**Task statement**
Please restate all of the records word for word, setting the pictures aside.

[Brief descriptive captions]
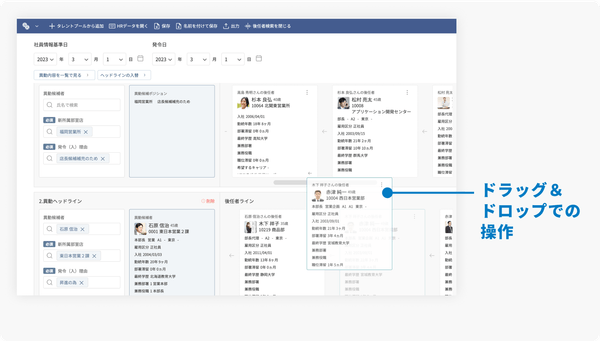 異動配置をドラッグ&ドロップで行える「シミュレーション」機能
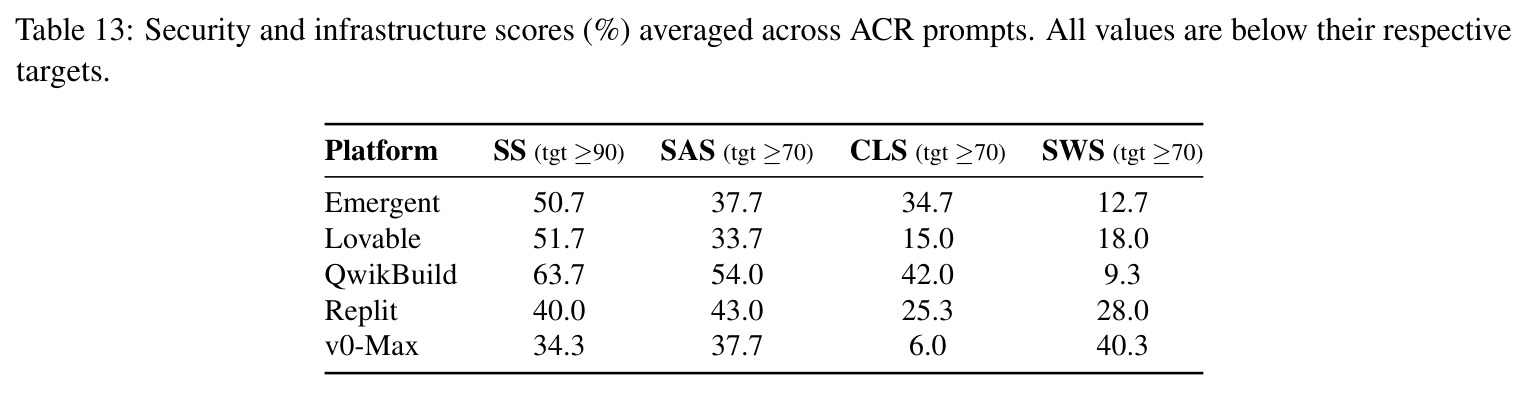 Security and infrastructure scores (%) averaged across ACR prompts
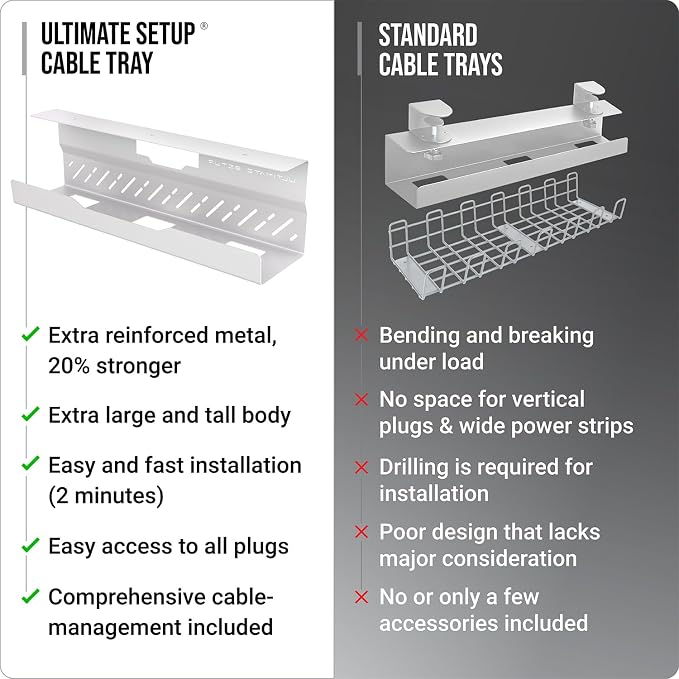 Under Desk Cable Management Tray no Drill – Wire Management - Cord Organizer – Huge Load Capacity – Under Desk Cable Tray no Drill (White, 2 Pieces Set) - Image 7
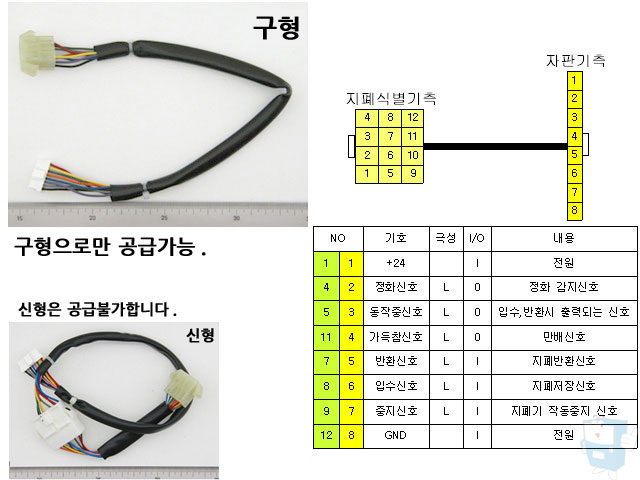지폐 연결 하네스 (삼성SIMPLE)
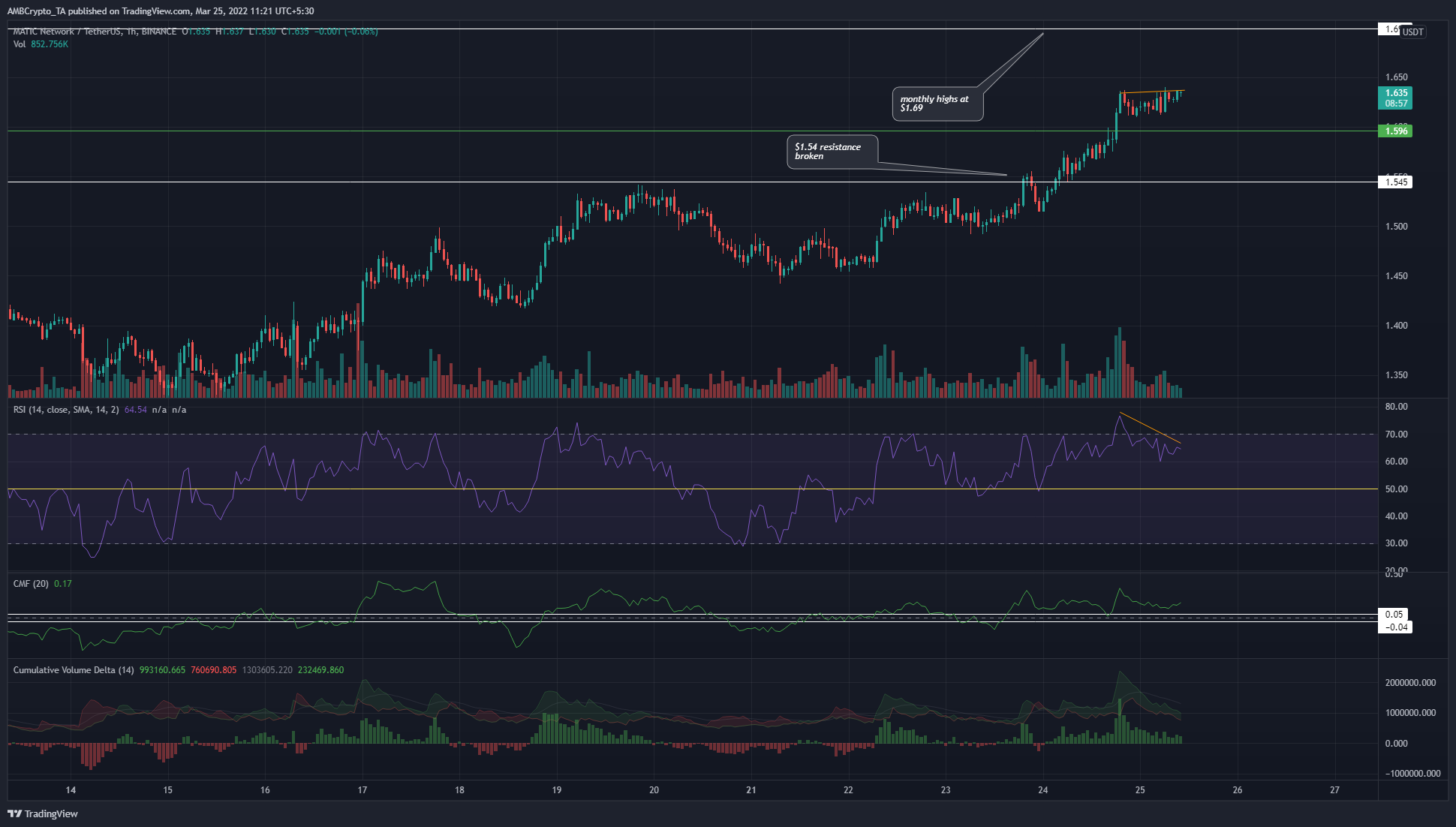 ApeCoin, Cardano, MATIC Price Analysis: 25 March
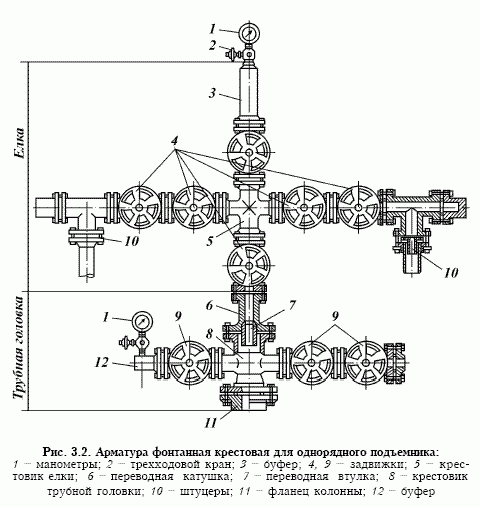 Рефераты | Рефераты по географии | Фонтанный и газлифтный способы добычи нефти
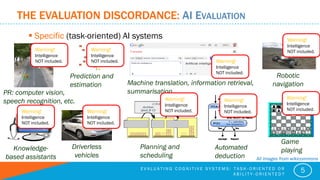 THE EVALUATION DISCORDANCE: AI EVALUATION
 Specific (task-oriented) AI systems
E V A L U A T I N G C O G N I T I V E S Y ...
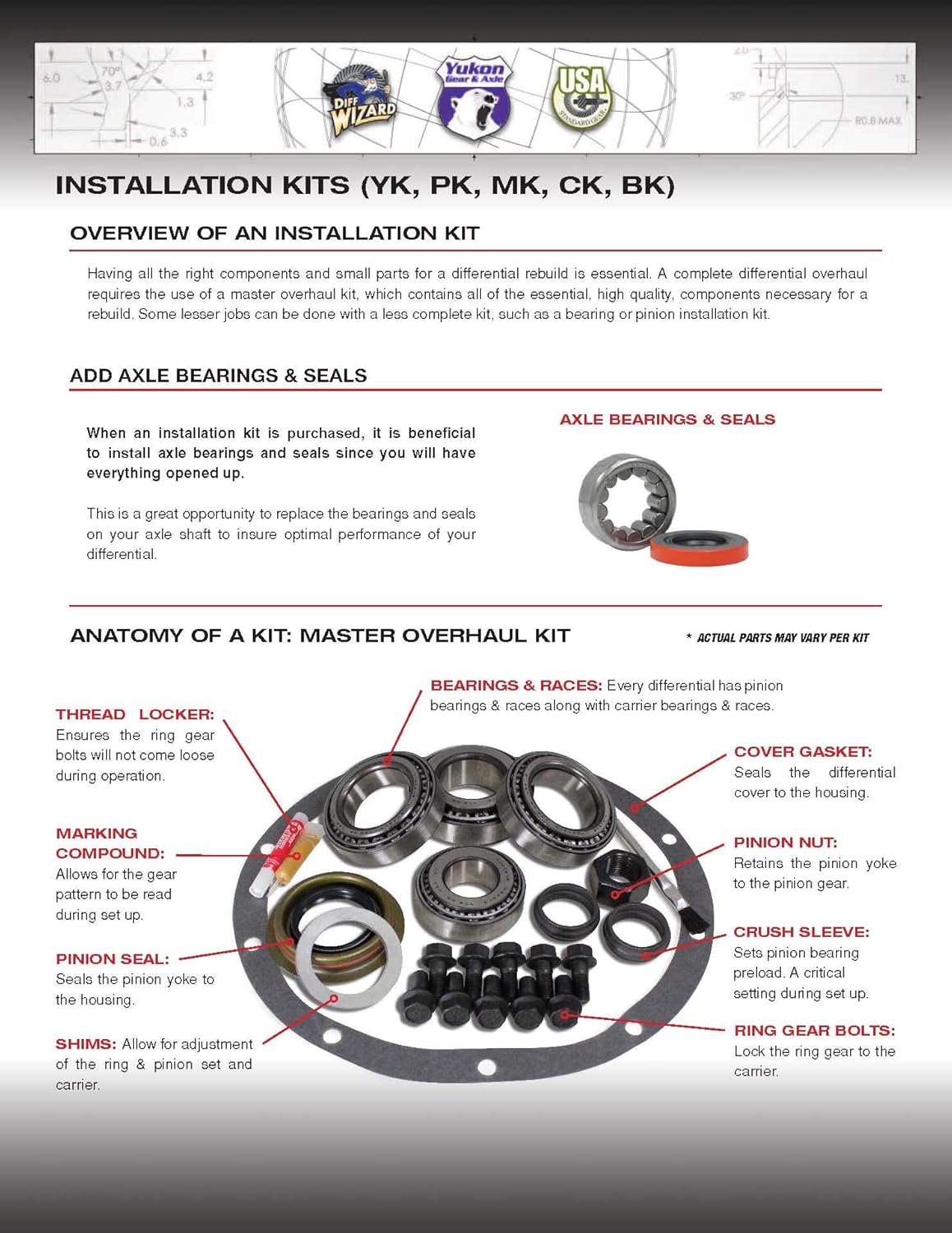 Yukon Gear & Axle ypkd60-pc-pL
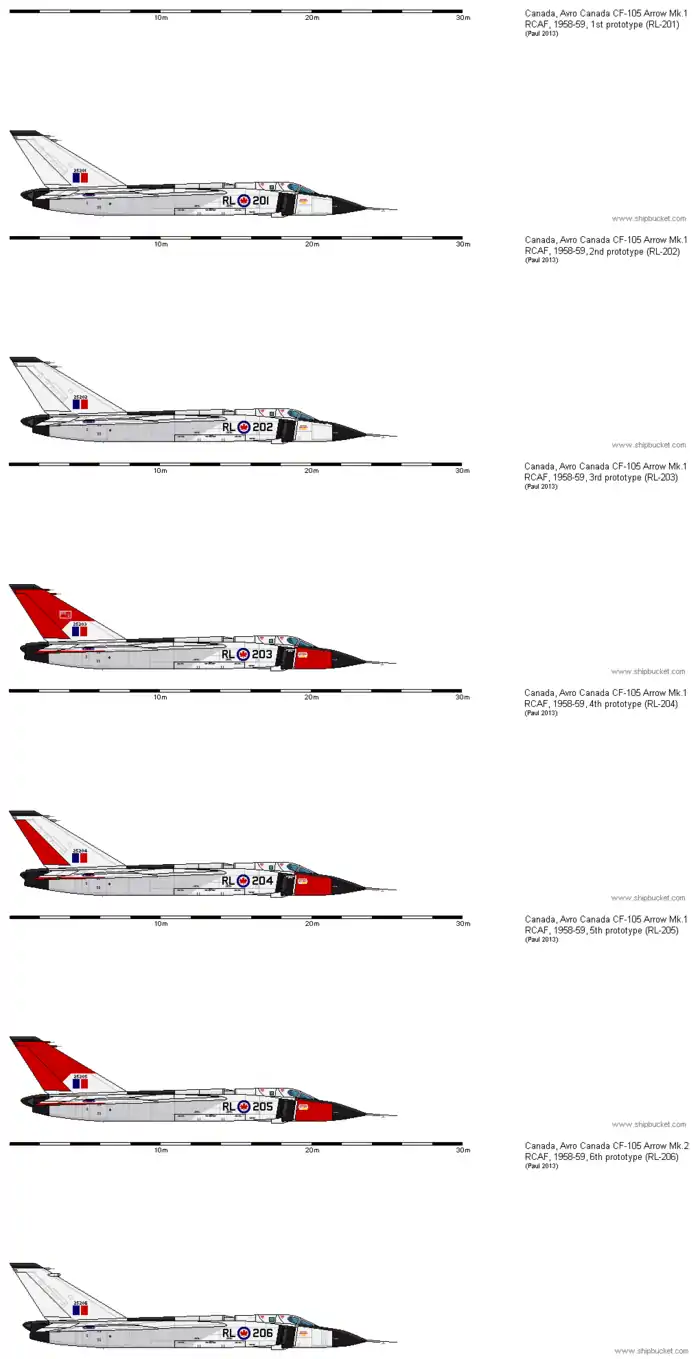 Les six CF-105 Mk 1 et Mk 2 construits.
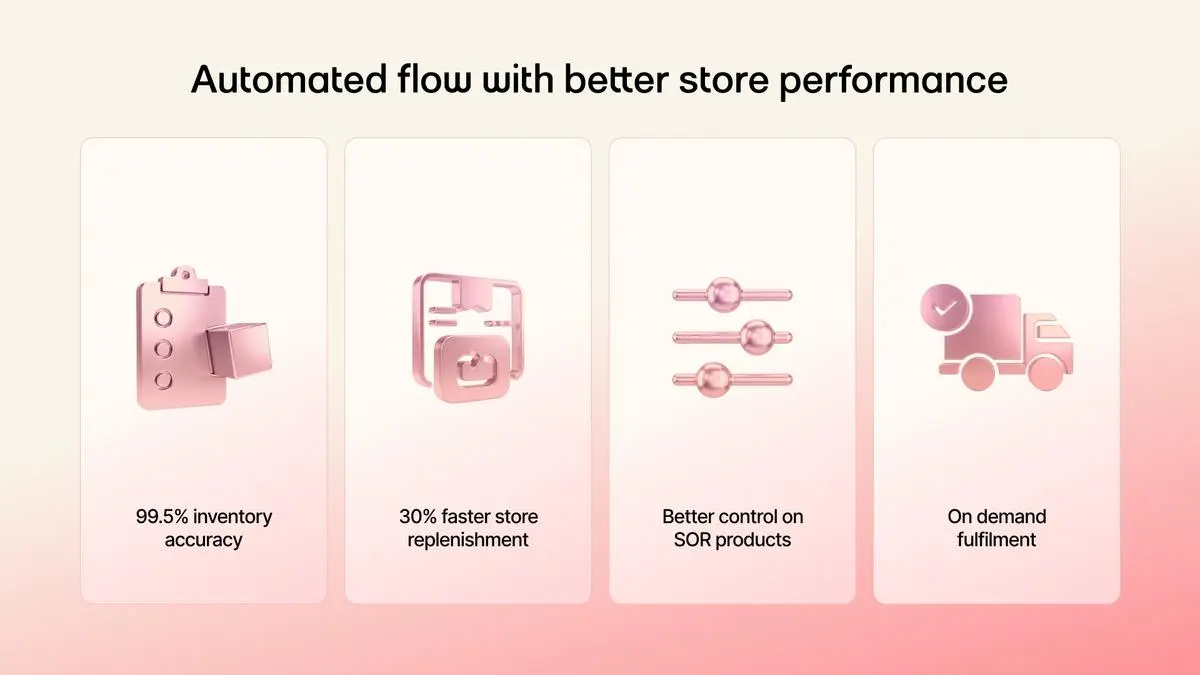 Section showing benefit icons under the heading ‘Automated flow with better store performance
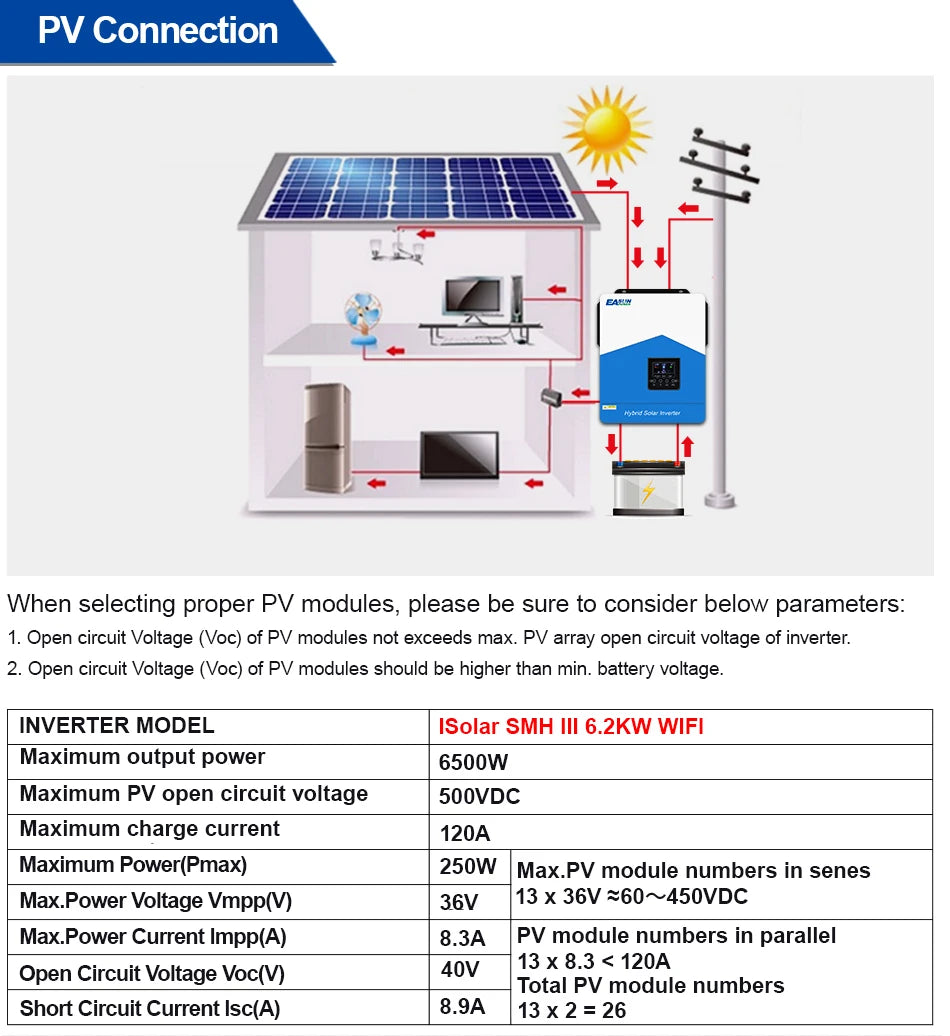 EASUN POWER Hybrid Solar Inverter 6.2KW 4.2KW 3.2KW 2.2KW Pure Sine Wave MPPT 12V 24V 48V 220v Solar Charger Power Home Inversor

**Written answer**
 異動配置をドラッグ&ドロップで行える「シミュレーション」機能
 Security and infrastructure scores (%) averaged across ACR prompts
 Under Desk Cable Management Tray no Drill – Wire Management - Cord Organizer – Huge Load Capacity – Under Desk Cable Tray no Drill (White, 2 Pieces Set) - Image 7
지폐 연결 하네스 (삼성SIMPLE)
 ApeCoin, Cardano, MATIC Price Analysis: 25 March
 Рефераты | Рефераты по географии | Фонтанный и газлифтный способы добычи нефти
 THE EVALUATION DISCORDANCE: AI EVALUATION
 Specific (task-oriented) AI systems
E V A L U A T I N G C O G N I T I V E S Y ...
 Yukon Gear & Axle ypkd60-pc-pL
 Les six CF-105 Mk 1 et Mk 2 construits.
 Section showing benefit icons under the heading ‘Automated flow with better store performance
 EASUN POWER Hybrid Solar Inverter 6.2KW 4.2KW 3.2KW 2.2KW Pure Sine Wave MPPT 12V 24V 48V 220v Solar Charger Power Home Inversor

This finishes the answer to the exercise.